= Thalakkal Chanthu =

Archer and military leader

Thalakkal Chanthu, also spelled Thalakkal Chandu, was an archer and commander-in-chief of the Kurichya soldiers of the Pazhassi Raja who fought British forces in the Wayanad jungles during the first decade of the 19th century.

==Career==
Chanthu began his career under Edachena Kunkan, who later promoted him to the rank of general. Pazhassi Raja and his other generals and troops saw Chanthu as their ablest war leader.

==Panamaram fort massacre==
The British East India Company imposed a high revenue tax on agricultural produce of Wayanad farmers causing widespread dissent. One of the Company peons was killed by Edachena Kunkan when the peon demanded paddy from a Kuruchiya man. This prompted the entire Kuruchiya tribe to join hands with Edachana Kunkan who was carrying on a fight against the British on behalf of Pazhassi Raja. The rebellion on 11 October 1802 by a group of tribal soldiers (comprising 175 Kurichya archers), led by Thalakkal Chandu and Edachena Kunkan, captured the British fort at Panamaram which was defended by the I battalion of 4th Bombay infantry. Commanding officer Capt. Dickinson and Lt.
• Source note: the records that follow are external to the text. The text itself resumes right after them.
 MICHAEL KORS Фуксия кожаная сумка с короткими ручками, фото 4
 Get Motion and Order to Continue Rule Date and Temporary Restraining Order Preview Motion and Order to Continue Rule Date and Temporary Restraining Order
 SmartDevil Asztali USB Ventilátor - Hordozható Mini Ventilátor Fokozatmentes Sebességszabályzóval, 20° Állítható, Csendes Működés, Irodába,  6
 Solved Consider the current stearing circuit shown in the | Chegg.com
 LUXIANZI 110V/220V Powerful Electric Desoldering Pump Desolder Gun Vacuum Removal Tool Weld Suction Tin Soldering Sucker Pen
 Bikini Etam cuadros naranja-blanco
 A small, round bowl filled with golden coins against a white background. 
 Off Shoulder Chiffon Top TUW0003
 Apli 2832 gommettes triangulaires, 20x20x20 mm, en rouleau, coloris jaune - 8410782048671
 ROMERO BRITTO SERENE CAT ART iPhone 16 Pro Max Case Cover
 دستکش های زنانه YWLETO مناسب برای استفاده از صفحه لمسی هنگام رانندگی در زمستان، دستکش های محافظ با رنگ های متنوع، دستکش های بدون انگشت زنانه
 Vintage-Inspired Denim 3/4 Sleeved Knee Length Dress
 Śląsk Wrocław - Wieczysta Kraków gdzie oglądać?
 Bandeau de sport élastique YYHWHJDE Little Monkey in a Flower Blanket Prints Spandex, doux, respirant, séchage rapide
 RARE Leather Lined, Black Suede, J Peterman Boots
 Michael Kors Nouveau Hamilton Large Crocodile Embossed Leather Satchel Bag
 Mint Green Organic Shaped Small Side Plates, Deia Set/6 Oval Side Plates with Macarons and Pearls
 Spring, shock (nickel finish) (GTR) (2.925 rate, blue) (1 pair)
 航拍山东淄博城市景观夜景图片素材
Maxwell were killed in action along with entire detachment of 70 soldiers which was guarding the fort.

The British forces launched a retaliatory attack and trapped Chanthu on 15 November 1805. He was executed under a Koly tree. Edachana Kunkan committed suicide when he was surrounded at Panniyil later (now called Pannichal, Kerala).

==Memorial==
The Kerala State Government installed a memorial to Chanthu on 22 September 2012, near Panamaram Fort on the banks of the Kabini River. In the form of a museum, the memorial displays weapon models used by Chanthu and his tribesmen, the Kurichiya archers and the tribe's traditional agricultural implements.